Al recibir el plato, Anton Ego se introduce en la boca el primer pinchazo, y las imágenes profundamente poéticas nos arrastran hacia su niñez, al campo, a la huerta, a las hortalizas que pueblan los estantes y la mesa que lo acompañan, y con esas clara referencia al escritor francés Marcel Proust, nos embarca En busca del tiempo perdido y la relación que marca con el famoso episodio de la magdalena y el té. El olor y su sabor nos transportan a un maravilloso momento pasado de nuestra vida quizás ya olvidado. La poesía de los sentidos, la armonía de los aromas, la belleza de una comida creativa, el arte de cultivar no sólo una necedad básica para sobrevivir, si no el mero placer aparentemente improductivo de comer y disfrutar.

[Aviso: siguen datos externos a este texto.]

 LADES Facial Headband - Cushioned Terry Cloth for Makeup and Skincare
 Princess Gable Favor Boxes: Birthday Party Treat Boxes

En definitiva, una excelente historia sobre el proceso de aprendizaje, la tolerancia, superarse a uno mismo, la amistad, el amor, los prejuicios, los orígenes, el aspecto, la falsa reputación o la infinita búsqueda de la esencia de los pequeños placeres que nos puedan hacer olvidar o sobrellevar el vació y el hastío de la sobrevalorada realidad.
Por favor, vuelvan a verla.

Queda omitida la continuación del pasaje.